- Job Type : Full-Time
- Min Exp : 1+ Years
- Location : Pallavaram, Chennai (Work from office)
Job Description
As a Deep Learning Engineer-1, you will be responsible for developing Computer Vision (CV) – Deep Learning models with a long-term view of integrating them with various Detect products. You will also be expected to take ownership of the data preparation and processing pipelines and innovate on faster ways to use the same.

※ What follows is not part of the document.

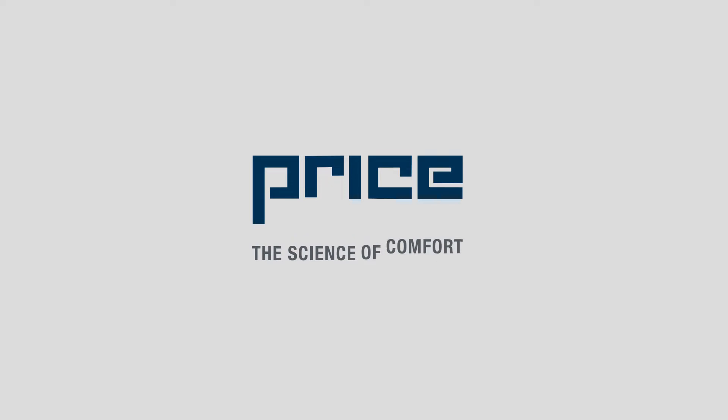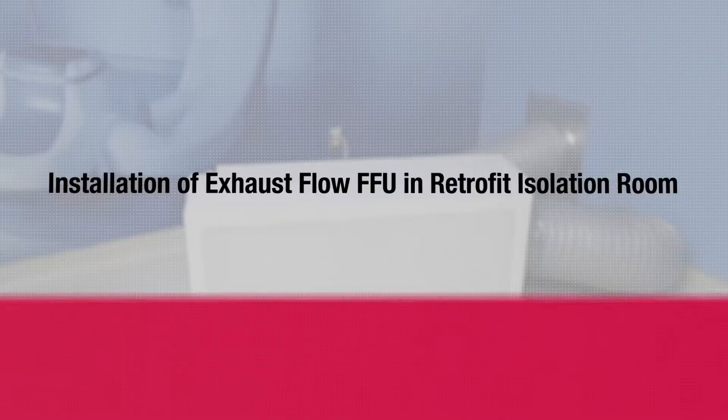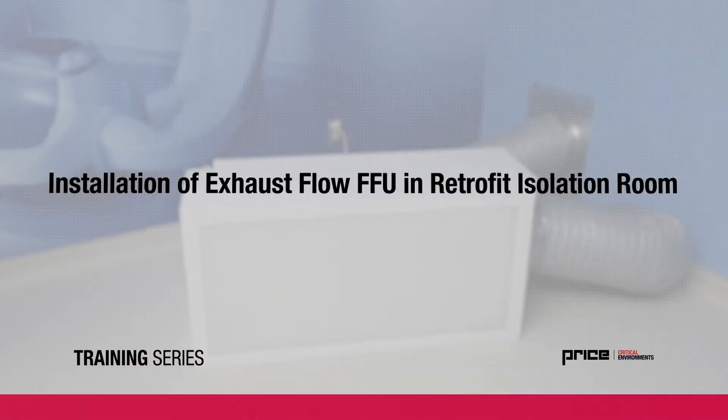This video will take you through the procedure for installing an exhaust flow fan filter unit in a retrofit isolation room application.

We are looking for Candidates capable of handling oneself in a technically diverse and demanding atmosphere.
Job Responsibilities
Train Deep learning models
▪ Ensuring that best practices are followed in solving AI problems including thorough problem analysis, prior research understanding, persistent experimentation and documentation, rapid prototyping, and extensive testing.

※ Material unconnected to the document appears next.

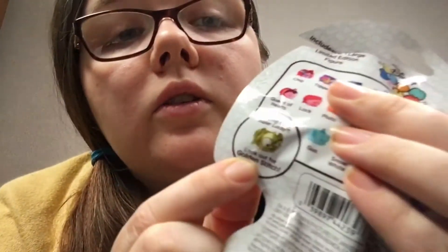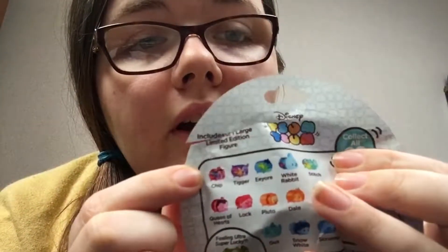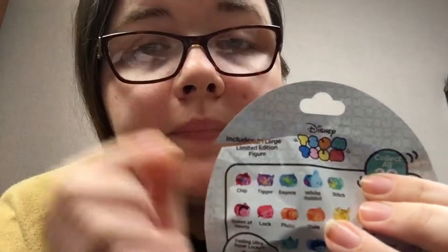There's one that's a gold Stitch, and then these five up here have paint splatters on them. I already have Dale, Miss Bunny, and Marie at home — I got three of these. It's not gonna take too long to open them but I wanted to share them with you guys.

▪ Creating and executing on processes for thorough performance evaluation of the solution against real-world test cases.
▪ Benchmarking against competing solutions, prior research and customer’s acceptance criteria wherever applicable
Data Management
▪ Planning the nature, volume and source of data required to effectively solve the problem.
▪ Ideating with relevant people on best ways to source and annotate this data.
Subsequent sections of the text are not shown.